- The task
Your output should be the lines from the one containing "Oculus Quest 2" through the end of the listing, exact and inclusive, with no pictures.

- Exercise data
####

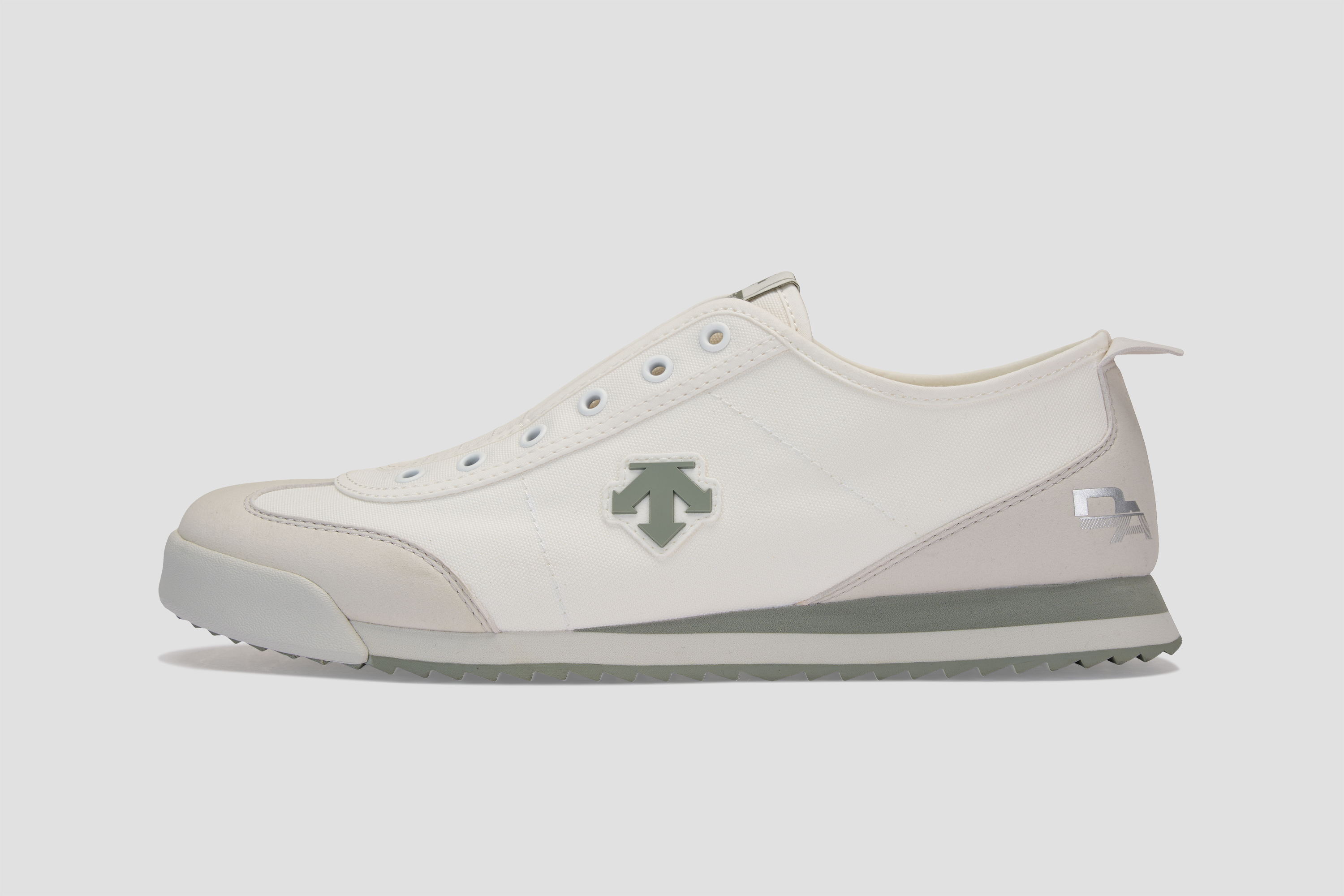 CHRON Series Slip-On Casual Sneakers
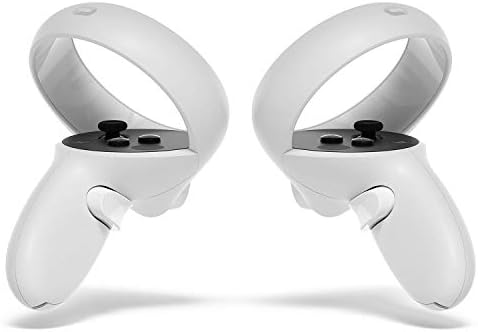 Oculus Quest 2 Speciális All-in-One Virtuális Valóság Headset 128GB, Érintse meg a Szabályozók, 1832x1920 90 Hz-es Képfrissítési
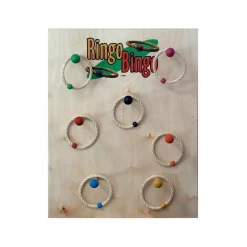 Spieltafel Ringo Bingo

####

- Task response
 Oculus Quest 2 Speciális All-in-One Virtuális Valóság Headset 128GB, Érintse meg a Szabályozók, 1832x1920 90 Hz-es Képfrissítési
 Spieltafel Ringo Bingo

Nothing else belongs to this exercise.